Excerpted records:
┌──
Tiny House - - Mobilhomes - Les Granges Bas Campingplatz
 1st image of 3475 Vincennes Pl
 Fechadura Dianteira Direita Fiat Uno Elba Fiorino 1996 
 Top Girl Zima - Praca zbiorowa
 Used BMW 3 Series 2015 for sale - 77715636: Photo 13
└──
┌──
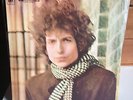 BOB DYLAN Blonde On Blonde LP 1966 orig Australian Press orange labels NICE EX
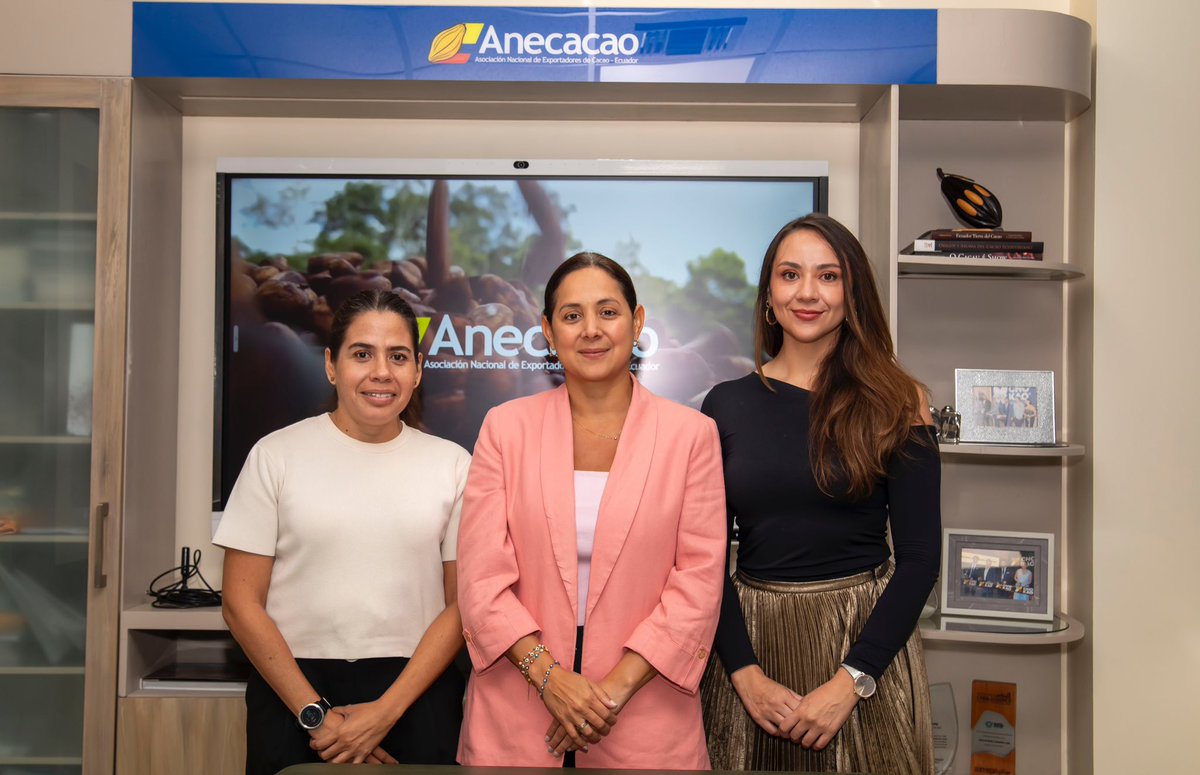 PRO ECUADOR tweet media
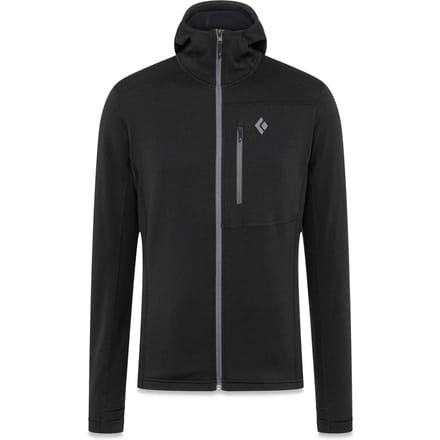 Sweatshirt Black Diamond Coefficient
└──
┌──
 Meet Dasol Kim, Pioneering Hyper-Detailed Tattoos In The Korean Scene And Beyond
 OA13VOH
└──
Your goal: Among the records above, extract exactly the lines from the line with "Tiny House - - Mobilhomes" to the line with "Used BMW 3 Series", both lines included, and leave out the rest.

Solved problem:
Tiny House - - Mobilhomes - Les Granges Bas Campingplatz
 1st image of 3475 Vincennes Pl
 Fechadura Dianteira Direita Fiat Uno Elba Fiorino 1996 
 Top Girl Zima - Praca zbiorowa
 Used BMW 3 Series 2015 for sale - 77715636: Photo 13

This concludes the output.